Islam sebagai gama yang paling banyak dianut di Kabupaten Sumenep, juga memberikan banyak estimasi stigma sehubungan dengan pendidikan secara umum. Rasulullah juga pernah bersabda ;

“ Menuntut ilmu adalah merupakan kewajiban pada setiap orang Islam, baik laki-laki maupun perempuan “


Allah Swt.

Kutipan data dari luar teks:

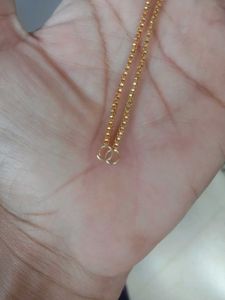 Earchain With Jwellery box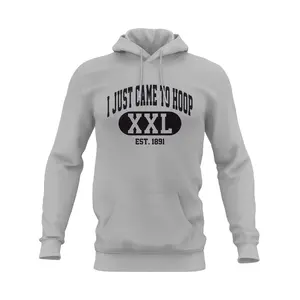 University Hoodie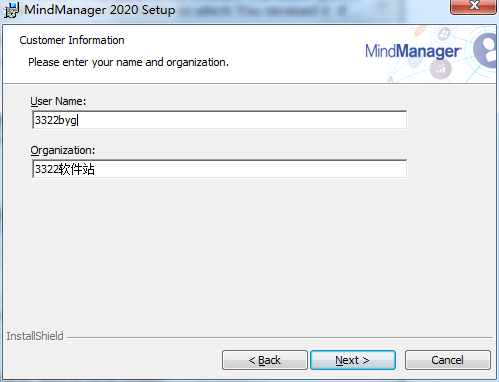 Mindjet MindManager 2020官网最新版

Berfirman sehubungan dengan pentingnya pendidikan ;

“ Katakanlah, ‘ adakah sama orang-orang yang mengetahui dengan orang-orang yang tidak mengetahui ?’, sesungguhnya orang yang berakallah yang dapat menerima pelajaran “.[2]
Sesungguhnya dalam penciptaan langit dan bumi silih berganti siang dan malam, bahtera yang berlayar di laut membawa apa yang berguna bagi manusia, dan apa yang Allah turunkan daari langit berupa air, lalu dengan air itu Dia hidupkan bumi sesudah mati (kering) nya dan Dia sebarkan di bumi segala jenis hewan, dan pengisaran angin dan awan yang dikendalikan antara langit dan bumi ; sesungguhnya terdapat tanda-tanda (keesaan dan kebesaran Allah) bagu kaum yang memikirkan “ (QS :al-Baqarah : 164)

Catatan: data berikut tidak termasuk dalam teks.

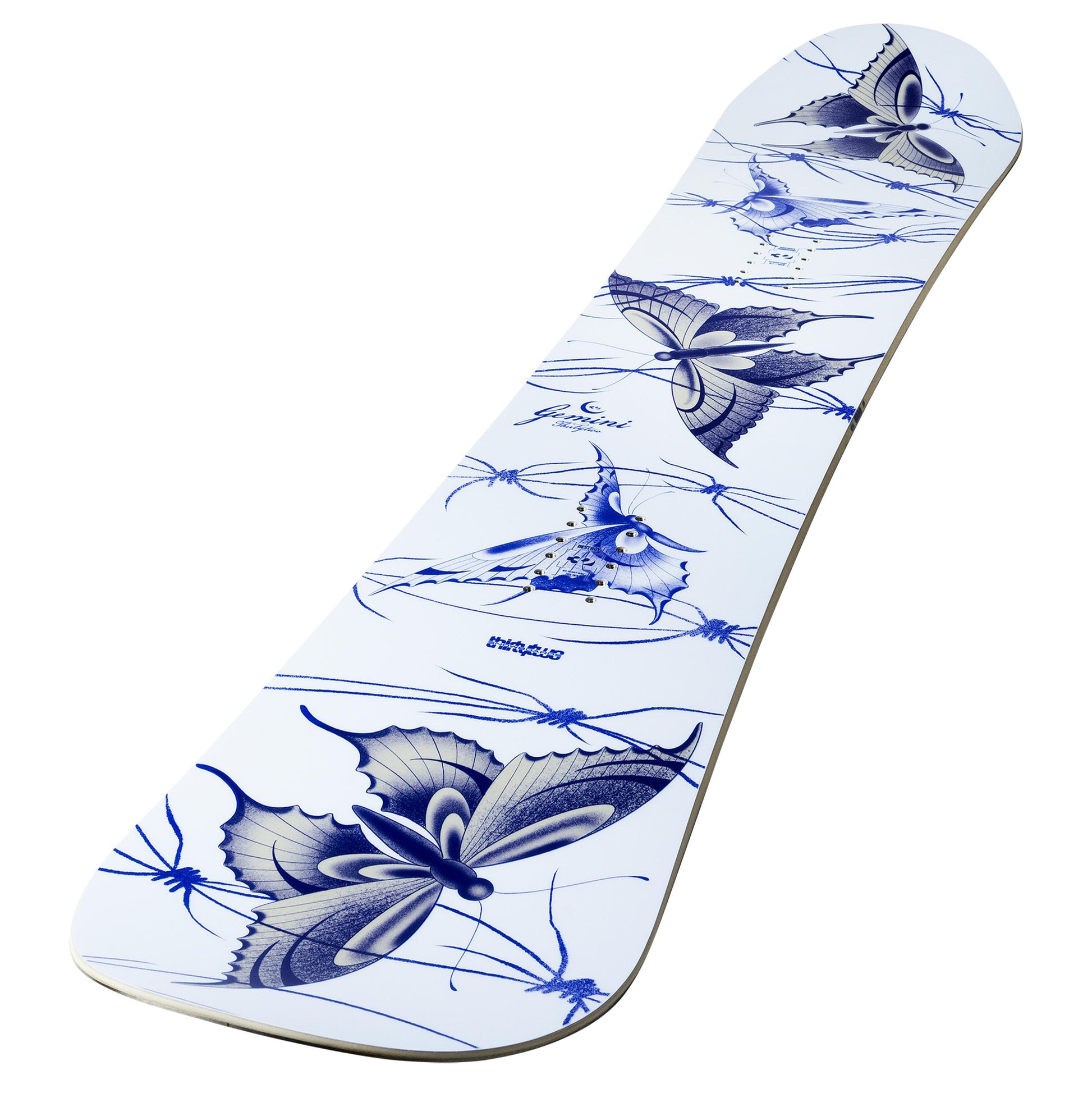 ThirtyTwo Gemini Snowboard femme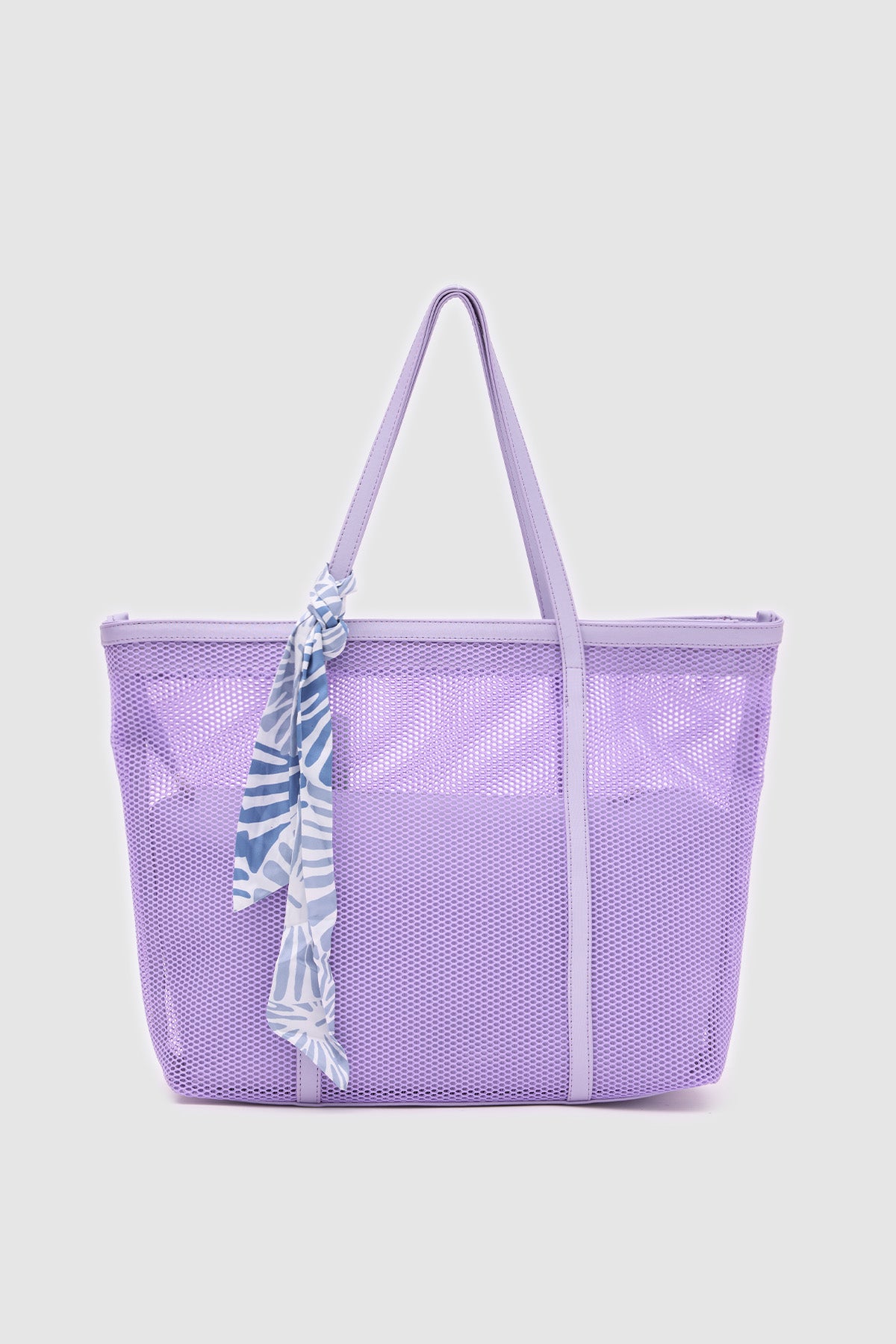 OGGO Breeze Fileli Totea Omuz Çantası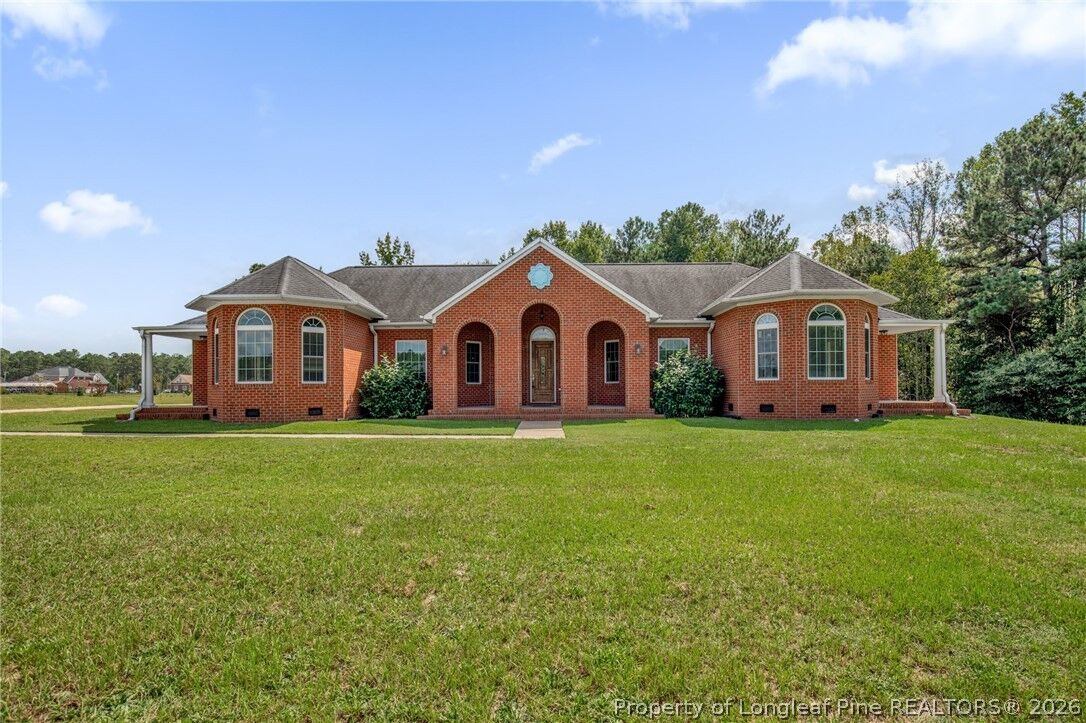 Property Photo: 251 Water Ridge Lane NC 28391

Korelasinya dengan pendidikan, beberapa ahli pendidikan memberikan pandangan konteksnya dengan dunia pendidikan secara umum :

John Milton, mengatakan bahwa pendidikan secara umum adalah individu yang mampu membentuk diri yang terampil, dengan kejujuran yang universal baik kepada dirinya sendiri maupun kepada masyarakat sekitar, baik di kala damai maupun di kala perang. John Dewey, mengatakan bahwa pendidikan adalah proses pembentukan kecakapan fundamental, secara intelektual dan emosional, ke arah alam sesama manusia.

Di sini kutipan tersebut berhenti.